Produce an exact transcription of the listing below, omitting the pictures.

* * * * * * *

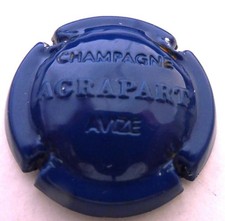 pomme glacons bleue d'occasion pomme glacons bleue d'occasion Marolles-en-Hurepoix
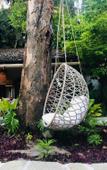Туры в отель Hotel Boutique Vila Sao Joao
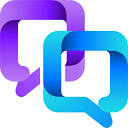 emotii.ai logo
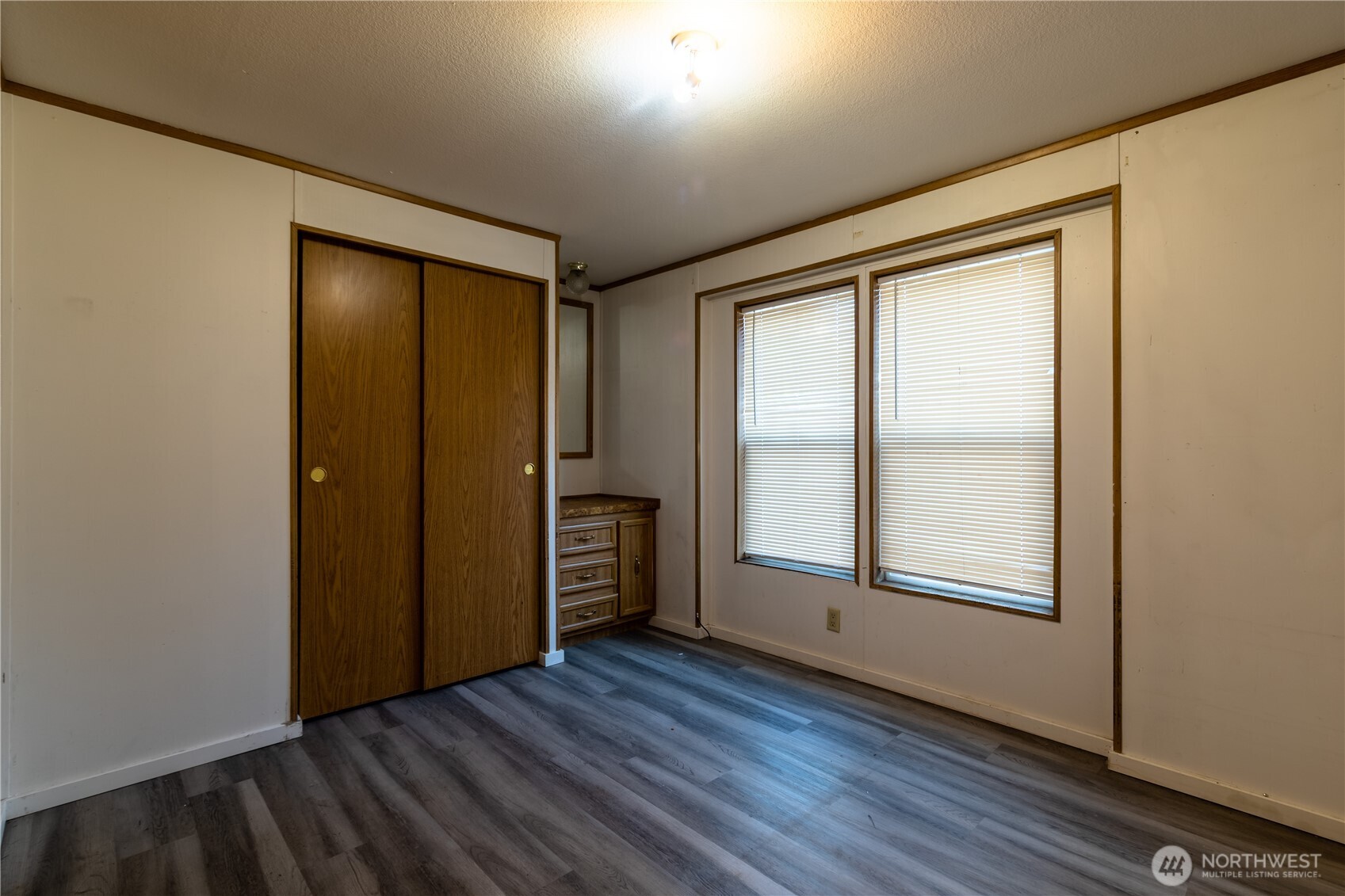105 E Cox Arlington WA 98223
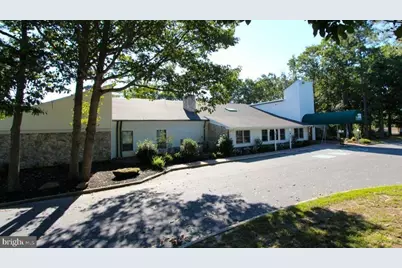 13 Holly Court, Mays Landing, NJ 08330 - Photo 35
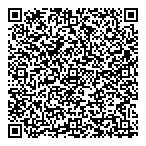 QR код "Пятёрочка"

* * * * * * *

[Exercise solution]
 pomme glacons bleue d'occasion pomme glacons bleue d'occasion Marolles-en-Hurepoix
Туры в отель Hotel Boutique Vila Sao Joao
 emotii.ai logo
105 E Cox Arlington WA 98223
 13 Holly Court, Mays Landing, NJ 08330 - Photo 35
 QR код "Пятёрочка"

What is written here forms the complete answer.